Sunday, January 8, 2023

Vienna surprise – Mitsuko Uchida and the Mahler Chamber orchestra play Mozart and Schoenberg in Alicante

 

After hearing Mitsuko Uchida and the Mahler Chamber Orchestra in Alicante’s ADDA concert hall, I was sufficiently surprised by what I had heard to be prompted to download a score as soon as I got home. I dont think I have ever heard this music played in this way. The impression this event made on me was one of surprise.

The program did not promise a surprise, or even suggest one. On offer was a peculiarly Viennese sandwich, the bread from the first school of the city’s composers and the filling from the second. The two outer layers were both Mozart piano concertos, numbers 25 and 27, whilst the filling was provided by Schoenberg’s Chamber Symphony No. 1. All of these works are familiar, the Mozart concerti perhaps over-familiar, in that they are played, perhaps overplayed, by a multitude of soloists. The Schoenberg is less commonly included on concert programmes, especially in the style the Mahler Chamber Orchestra chose to present it, but it’s a piece that has been in the repertoire for over a century, so surely theres nothing new here!

Lets start with the Schoenberg. As the evening’s programme notes reminded us, the first chamber symphony caused a riot at its first performance in 1907. The music was clearly not what the audience was expecting and, always afraid of the new, they vented their disquiet. And yet this chamber symphony pre-dates Schoenberg’s adoption of the twelve tone system, let alone its later manifestation as serialism. This work is in late Romantic style, but now the key changes are more extreme, the harmonies more dissonant and, perhaps crucially, the ideas pass by faster, rather like a series of juxtaposed miniatures and fragments.

It sounds like a musical equivalent of Braque’s cubism, in that recognizable shapes are still there, but they are cut up, reassembled, overlapped in order to break up the lines and encourage listeners to savour the moment rather than anticipate the next. But there is surely also some of Schiele’s emotional aggression in this music. It remains a piece that challenges its audience to listen, though it does analytically conform to the ‘traditional’ symphonic structure.
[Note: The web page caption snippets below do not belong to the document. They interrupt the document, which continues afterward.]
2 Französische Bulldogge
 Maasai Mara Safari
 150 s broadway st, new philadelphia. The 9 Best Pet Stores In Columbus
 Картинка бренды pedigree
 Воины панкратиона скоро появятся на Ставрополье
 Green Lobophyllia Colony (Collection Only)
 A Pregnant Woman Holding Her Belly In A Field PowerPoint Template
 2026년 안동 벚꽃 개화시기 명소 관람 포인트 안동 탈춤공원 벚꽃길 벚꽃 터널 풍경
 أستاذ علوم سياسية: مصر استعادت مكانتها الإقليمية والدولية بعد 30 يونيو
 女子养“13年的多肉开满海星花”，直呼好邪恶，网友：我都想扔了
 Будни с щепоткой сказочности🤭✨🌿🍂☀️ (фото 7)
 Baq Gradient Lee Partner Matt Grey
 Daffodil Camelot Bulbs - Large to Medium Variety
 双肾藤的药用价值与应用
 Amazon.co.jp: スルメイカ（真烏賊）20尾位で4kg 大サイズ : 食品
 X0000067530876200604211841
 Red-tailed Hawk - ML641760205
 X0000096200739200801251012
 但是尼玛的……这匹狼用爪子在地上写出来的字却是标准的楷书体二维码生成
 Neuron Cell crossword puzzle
Playing this work convincingly on stage needs expert musicians with the habits of the cooperative communication that makes chamber music such a joy. Only with all of these ingredients can performers make a success of this music. Some fifteen members of the Mahler Chamber Orchestra stood to play this piece and their performance was almost beyond perfect. Musical ideas were passed around with nods and smiles and the work’s complexity simply became the medium via which these arresting sonorities were communicated. A century can make a massive difference. Suffice it to say that this performance was greeted with cheers, not jeers.

So the filling in the sandwich was very tasty indeed. But what about the Mozart bread and butter that confined it? Well, this was the real surprise. Mitsuko Uchida was soloist and director for both concerti. This in itself is not so rare. But what was utterly surprising, even arresting, was the way the pieces were played. Yes, it was perfect. Yes, all the notes were there and all in the correct order. Yes, these pieces are familiar. But the phrasing and dynamics were chosen to emphasize the music’s emotional meaning, which was beautifully and implicitly communicated. I rarely associate Mozart’s music with emotional involvement. Usually, the sheer decorative elegance gets in the way of human contact, like a hard glaze that hides the material beneath. But this was something quite different and utterly original.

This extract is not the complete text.